Nicolas Theys1, Gaëtan Thirion1, Sophie Vériter1, Valérie Lebrun1, Pierre-Yves Adnet1, Céline Caty1, Ali Modarressi2, Denis Dufrane1
1Novadip Biosciences, Mont Saint Guibert, Belgium
2Plastic, Reconstructive&Aesthetic Surgery department, University hospitals, Geneva, Switzerland
Introduction: Deep thickness skin wound remains a major challenge for reconstructive surgery. A novel approach of tissue engineering, based on an allogeneic adipose-derived 3D scaffold-free technology, is proposed.

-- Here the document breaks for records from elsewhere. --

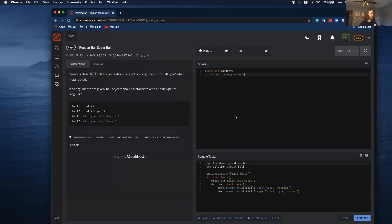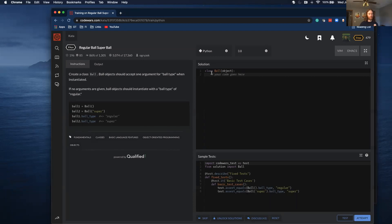All right, here is the kata for today. Regular ball, Super Ball. Create a class Ball. Ball objects should accept one argument for a ball type when instantiated. If no arguments are given, ball objects should instantiate with a ball type of regular. This is going to make more sense if you're familiar with object oriented programming, but you're dealing with a class. This is the first code wars problem I've dealt with that hasn't just asked you to write a function in Python code.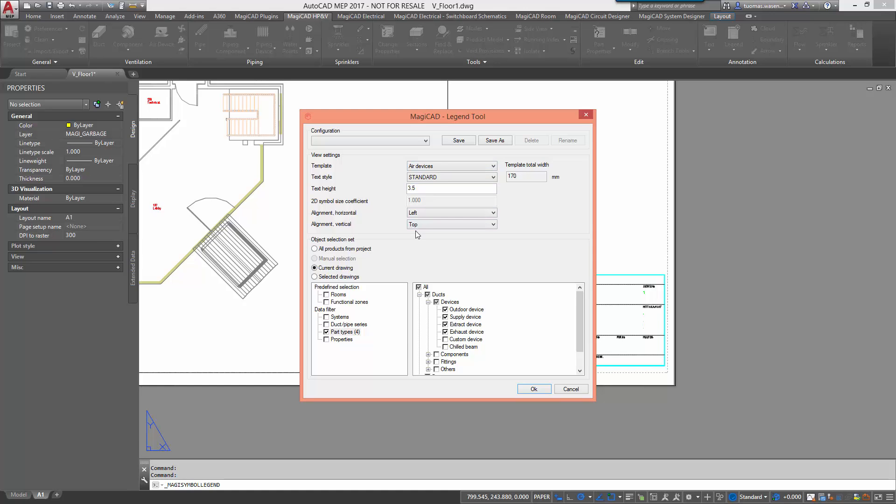Then we define the object selections. We have the possibility to choose all products from the project, use current drawing or selected drawings, or even manually select the desired objects. We also have the option of filtering objects by their parameters. After doing your configurations you can save them for later use.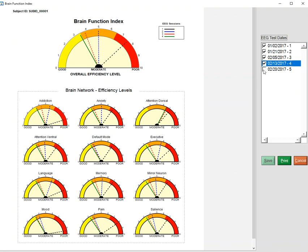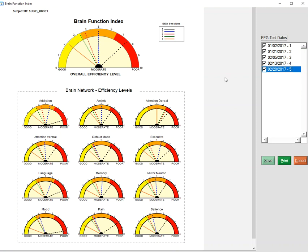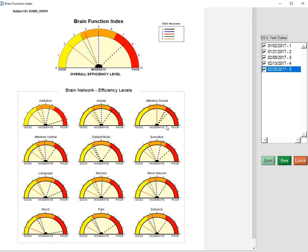And then after the fifth biofeedback session, this individual is doing quite well everywhere, except now the attention dorsal attention network still could use some work. And this is an example where you can continue to improve functioning in your patient or your client by identifying those networks that are least close to the peak performing networks. So this is the brain function index.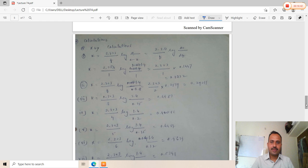In the result: the velocity constant k by calculation is 1.24 per minute, and the velocity constant k by graph is 1.11 per minute. Both values are concurrent and similar. We can conclude that the reaction is first order. This concludes the practical associated with the order of reaction for the oxidation of alcohol with dichromate ion in acidic medium, determined colorimetrically or spectrophotometrically.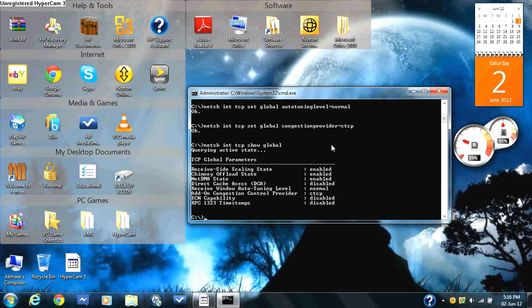So now you've learned how to do that, and if you check your internet speed it should be twice as fast. Thank you very much for listening, goodbye.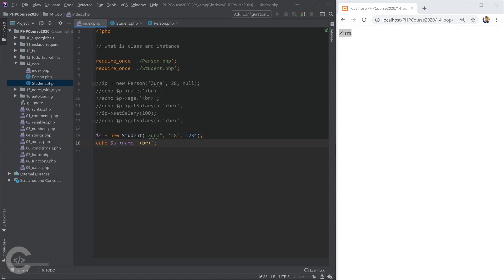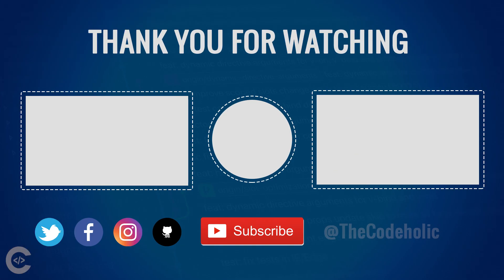That's all about the basics of object-oriented programming. I encourage you to read more and explore further — I have a full playlist covering interfaces, abstract classes, protected properties, static properties, and much more. Check the link in the video description or on my channel. Now let's move on and create a notes application with MySQL — let's understand how MySQL works and build something cool.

Material and Methods: Adipose-derived stromal cells (ASCs) were isolated from human adipose tissue to constitute the 3D-graft. The manufacture involves a 3-step process: (1) collection of the starting material and isolation of ASCs; (2) Expansion of ASCs; (3) Differentiation and 3D induction by adding gelatin particles. The ultrastructure of the graft was assessed by microtomography/SEM. The protein and growth factors contents were determined by proteomic analysis (LC-MS/MS) and ELISA, respectively. The in vivo biocompatibility (inflammatory reaction, biodegradation) was assessed in nude and Wistar rats up to 4 weeks (n=20) as well as the safety in terms of tumorigenicity/toxicity/biodistribution. The efficacy was then evaluated in a xenogenic (human to rat) model of ischemic (vs. non-ischemic) wound in hyperglycemic Wistar rats (n=42, 3D grafts vs. sham/Ctrl+).
Results: The 3D-graft is a translucid and malleable membrane with a mean of 175±86 cells/mm² found to be embedded in the ECM with a low level of mineralization (0.30±0.31%v/v). The proteomic and genes analysis revealed the stimulation of the biological pathways involved in early wound healing and the over-expression of pro-angiogenic genes in the graft (in comparison to ASCs alone), respectively. The VEGF/SDF1a contents (181±12 and 663±27 ng/g, respectively) were also improved in the scaffold-free implant. The biocompatibility and the safety of the 3D-graft were confirmed at 4 and up to 24 weeks post-implantation, respectively. The 3D-graft was easily handled and applied (by a simple bandage) on the ischemic/hyperglycemic wounds (on the leg) and promoted an earlier wound closure (27 vs. 34 days for sham, respectively) associated with angiogenesis, dermis/epidermis reconstruction, transient and reversible increase of aSMA, lymphocytes/macrophages recruitment at 10-15 days.
Conclusion: Novadip developed a state-of-the art ATMP manufacturing platform for tissue engineering application. The scaffold-free approach with allogenic 3D-graft (derived from ASCs) demonstrated the safety and efficacy in stringent xenogenic model of hyperglycemic and ischemic deep-thickness wound. This graft improves wound healing in extreme conditions. The fully GMP compliant process is ready for scale-up and clinical applications.